Both Senators Clinton and Obama appear to be arguing for a much more intensive effort to forge these political understandings that would make it possible to withdraw forces and not have everything collapse. But if withdrawal is truly to be used as a lever to help broker such understandings, the approach to withdrawal needs to be more flexible and not driven by a rigid timetable. In this way, withdrawal could be a mechanism to offer incentives and disincentives. With those groups who are prepared to cooperate with each other, the U.S. would make clear that it will withdraw when they want it to, where they want it to, and how they want it to--and its withdrawal will involve providing them military and economic assistance in the process.
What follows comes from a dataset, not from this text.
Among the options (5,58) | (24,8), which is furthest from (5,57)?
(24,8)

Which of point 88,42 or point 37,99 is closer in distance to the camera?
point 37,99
For those not prepared to cooperate with each other, withdrawal will not take place according to their wants and they will be denied military and economic assistance. Withdrawal can thus be a vehicle for rewards and punishments and not treated as an end in and of itself.
Even if the objective for Iraq were to be limited to containment--where the focus is more on preventing conflict in Iraq from spilling over to the region--withdrawal might still be used as a lever to help broker understandings between Iraq’s neighbors. None of them, including the Iranians, really want to see a vacuum in Iraq become a source of endless and expensive conflict between themselves, the Saudis, Jordanians, and Turkey. Either way, withdrawal will need to be approached with some flexibility if it is to be used as a political lever.
Neither holding the line on withdrawal nor staying the present course are sustainable without much more explanation to the country about its implications for our presence and investment. Come the fall campaign, both Senator McCain and the eventual Democratic nominee will need to explain what the surge has and has not done, what is and is not possible in Iraq, and at what investment. But even with such explanation, the current posture cannot work unless we employ political means to match the military means we are now using.
Dennis Ross is counselor and Ziegler distinguished fellow at the Washington Institute for Near East Policy and author of Statecraft: And How to Restore America's Standing in the World.